Ama karşısında sıradan, bürokratik, sıraya dizilmiş belgelerle konuşan biri var.

Bir tür “kusursuz itaat makinesi.”


Hannah Arendt o duruşmadan sonra “Eichmann Kudüs’te” adlı kitabını yazdı.

Ve bu kitapta ortaya attığı kavram, felsefe tarihine kazındı:

Kötülüğün Sıradanlığı.

Arendt şunu söylüyordu:

“Eichmann şeytani değildi.

Sadece düşünmüyordu.”

Yani yaptığı şeyin sonuçlarını, ahlaki bedelini, vicdani sorumluluğunu tartmıyordu.

Çünkü onun için asıl mesele kurallara uymaktı.

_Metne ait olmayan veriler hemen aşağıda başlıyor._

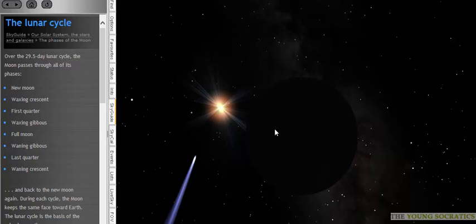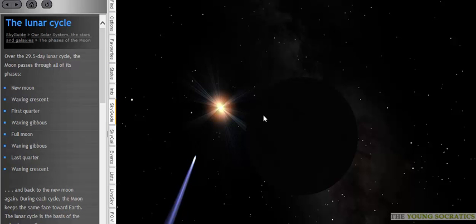In a few moments I will be showing you an animation of the phases of the moon. But before I do that, I want to raise the question about what you think you would see if the Sun and the moon were close together in the sky like this.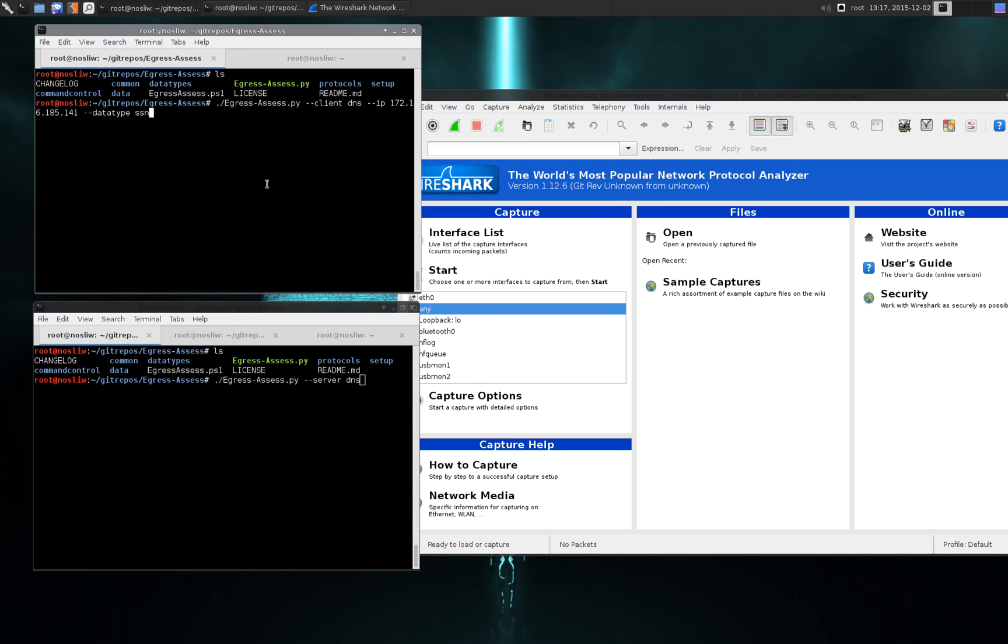Basically, in order to get this running all you need to do is have two instances of egress assess. It's the same exact code but you'll put one wherever you want to run it from, typically inside a network, and then a server that's maybe a VPS out there where you're going to exfiltrate data to.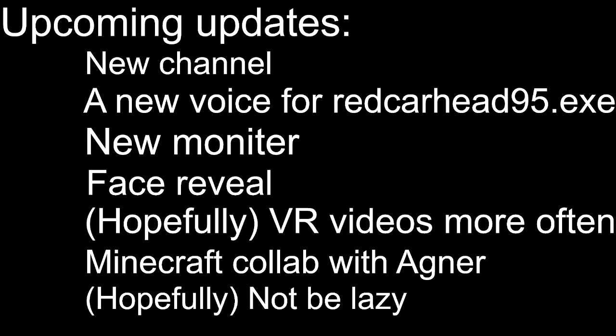And hopefully not be lazy and hopefully I'll link whatever I mention in the outro in the description. So yeah, that's it for this update video. Actually it's technically a major update video, whatever.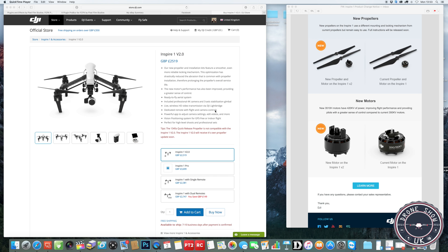This is a quick update because DJI has just announced a new propulsion system for the Inspire 1. They've changed their motors. They've made it 420 kV motors. Currently they have 350 kV motors. And it's got a new locking mechanism for the props as well.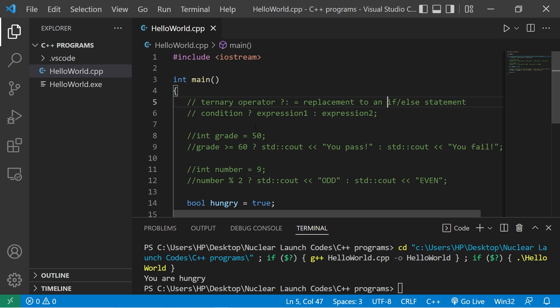Your assignment is to post a use of the ternary operator in the comments section. And well, yeah, that's the ternary operator in C++.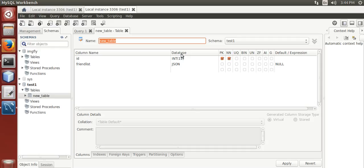So enjoy it. Install it and use it. It is better than 5.6. Thanks.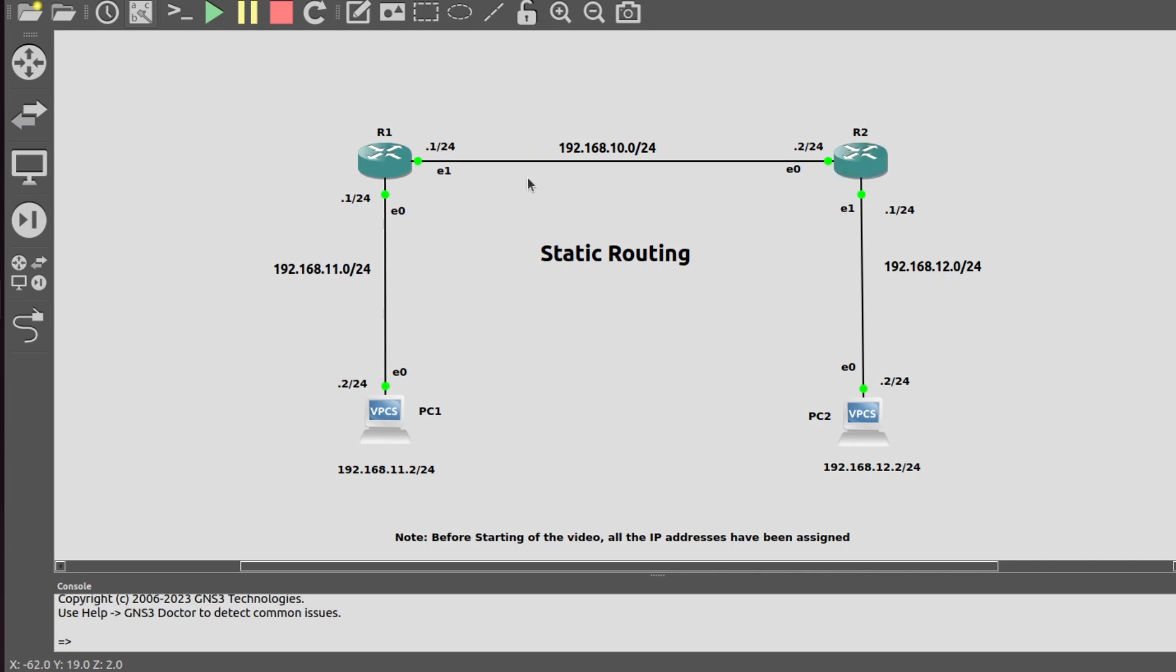In this path, there is only one router, so TTL is decremented by one.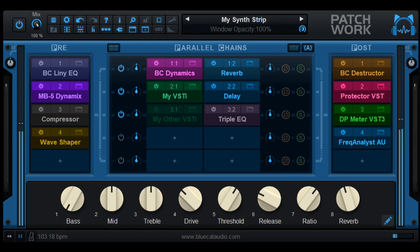Blue Cat Audio has released an update for Blue Cat's Patchwork, its multi-effects processor also capable of hosting third-party plugins. This new version brings the ability to oversample processing for individual plugins, up to 16x. It is also possible to choose custom colors for all plugin slots, and the macro parameters introduced in version 2.6 can now mix Patchwork's own parameters with hosted plugins parameters.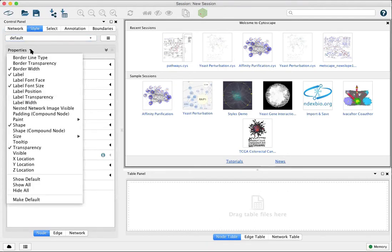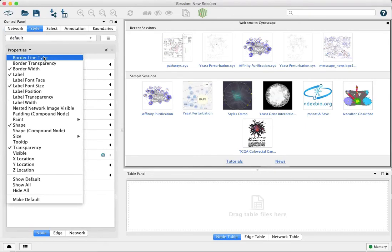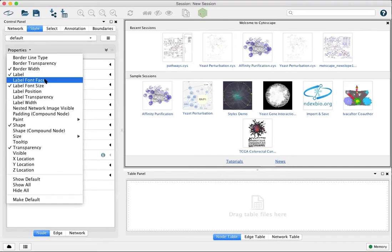Things like the type of borderline, whether it's dashed or solid, for example. The font face for the node labels.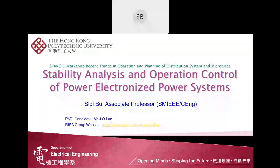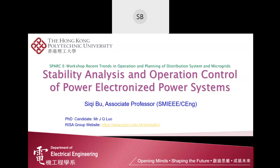Today my presentation topic is stability analysis and operation control of power electronized power systems. I want to acknowledge my PhD student Mr. JK Law — today's presentation is part of his PhD work. If you have further interest in our research, you can refer to the web link for our research group. Without further ado, let's get started.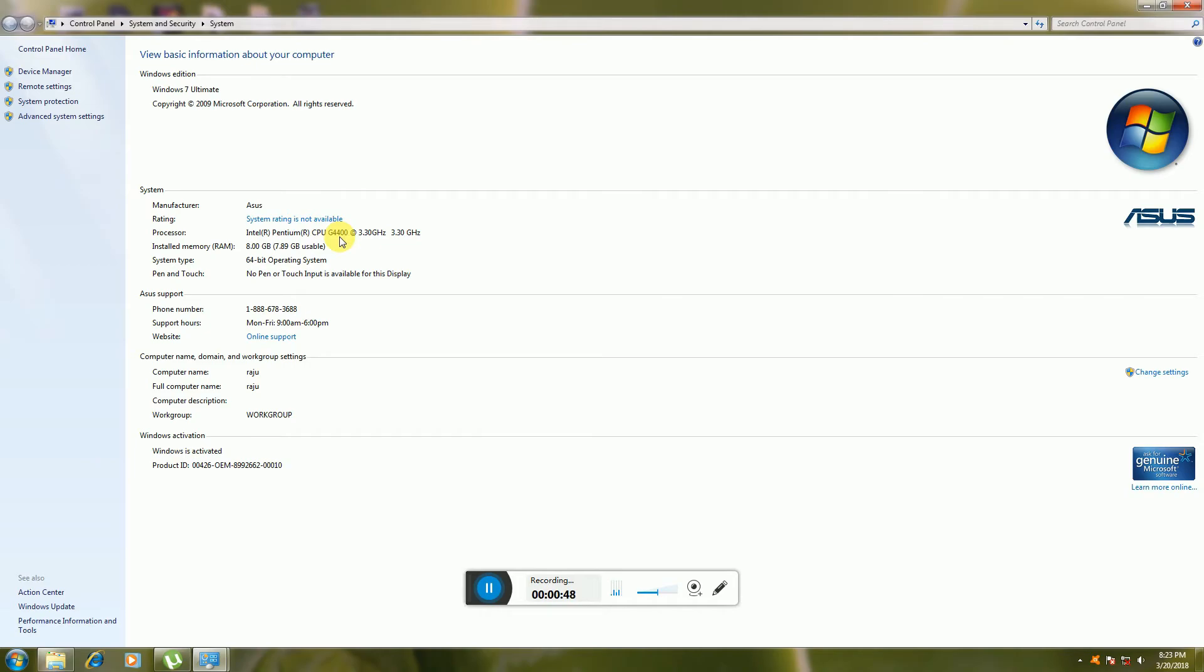This is a very easy method to identify if your system is 64-bit Windows or 32-bit Windows.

İşte burada Arendt’in sorusu devreye giriyor:

“Bir insan, nasıl olur da bu kadar büyük kötülüklerin parçası olurken kendini suçlu hissetmez?”

Cevap acı:

Çünkü sistem, ona yalnızca itaat etmesini öğretmiştir.

Düşünmesini değil.

Sorgulamasını değil.

Sadece görevini yapmasını.


Bu, sadece Nazi Almanyası’na özgü değil.

Tarihin birçok yerinde, birçok rejimde, birçok kurumda aynısı yaşandı.

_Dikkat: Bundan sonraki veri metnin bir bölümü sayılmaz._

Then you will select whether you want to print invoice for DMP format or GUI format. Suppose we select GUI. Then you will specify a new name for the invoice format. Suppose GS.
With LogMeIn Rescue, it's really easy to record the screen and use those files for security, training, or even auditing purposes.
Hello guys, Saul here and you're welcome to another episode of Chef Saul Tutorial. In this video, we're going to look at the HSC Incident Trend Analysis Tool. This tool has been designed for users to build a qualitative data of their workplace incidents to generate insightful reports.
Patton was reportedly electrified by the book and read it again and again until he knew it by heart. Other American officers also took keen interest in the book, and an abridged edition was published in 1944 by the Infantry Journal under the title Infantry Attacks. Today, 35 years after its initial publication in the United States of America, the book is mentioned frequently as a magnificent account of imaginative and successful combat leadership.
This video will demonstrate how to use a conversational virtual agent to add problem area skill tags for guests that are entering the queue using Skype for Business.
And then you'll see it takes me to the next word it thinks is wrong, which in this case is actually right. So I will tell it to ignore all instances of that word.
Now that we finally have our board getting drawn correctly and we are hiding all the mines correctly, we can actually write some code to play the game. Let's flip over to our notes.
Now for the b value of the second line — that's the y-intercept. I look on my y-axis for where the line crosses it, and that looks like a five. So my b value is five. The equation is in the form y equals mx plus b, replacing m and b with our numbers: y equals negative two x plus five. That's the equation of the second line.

• “Ben karar vermedim, sadece uyguladım.”

• “Yasa böyle dedi.”

• “Ben kuralın dışına çıkamam.”

• “Yukarıdan ne geldiyse onu yaptım.”

Ve böyle böyle…

sistemin çarkları içinde insanlık ezilirken, herkes görevini yapmaya devam etti.


Arendt için asıl tehlike, kötülüğün organize edilmesi değil,

kötülüğün normalleştirilmesidir.

Yani adaletsizliğin gündelik hayatın parçası hâline gelmesi.

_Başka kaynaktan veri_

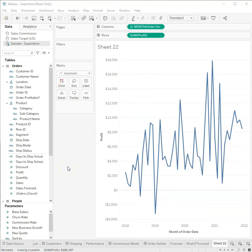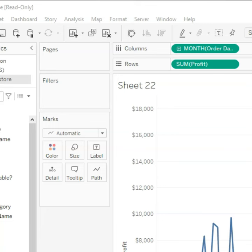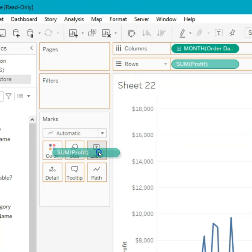Did you know you can add a start and end value to your visualizations? It's super easy. All you do is hold control, take the measure and duplicate it and drop it into label.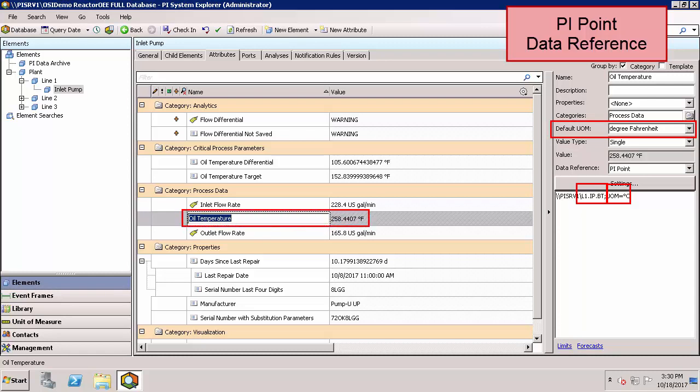As a user of Asset Framework, you no longer need to know the tag name to find the oil temperature of this asset. Instead, you'll be browsing through your hierarchy, as shown up here on the upper left, and then looking for the oil temperature process data information in your attributes.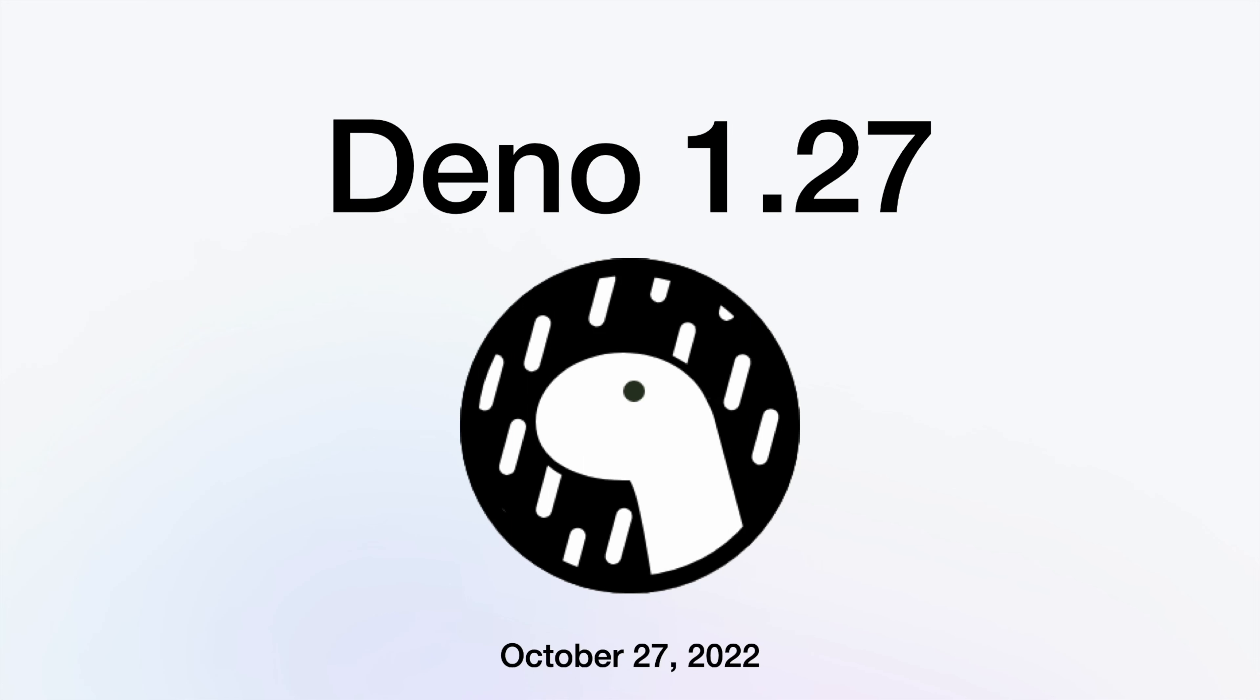Deno 1.27, released on October 27th, has many exciting updates. Here are the main ones.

Hukuksuzluğun prosedürlere dönüşmesi.

Vicdansızlığın kariyer basamağı olması.

O zaman kötülük artık “yasa dışı” değil, sadece “günlük” olur.


Bugün düşünelim:

Bir sistemde,

• emir sorgulanmıyorsa,

• prosedür vicdanın önüne geçiyorsa,

• görevi yapan, kararın sorumluluğunu hissetmiyorsa…

O sistem, birilerini yargılamak için değil, susturmak için kurulmuştur.

Ve oradaki insanlar artık yurttaş değil, sadece disiplinli birer kuldur.


Arendt’in korkusu totalitarizmin askerî ya da ideolojik değil,

bürokratik yollardan yeniden üretilebilmesiydi.

Çünkü herkesin rolü küçükse,

hiç kimse kendini sorumlu hissetmez.

Ama sonuç, yine milyonlarca hayat olabilir.


Ve Arendt şunu ekler:

“Düşünmeyen insan, sadece iktidarın aracı olur.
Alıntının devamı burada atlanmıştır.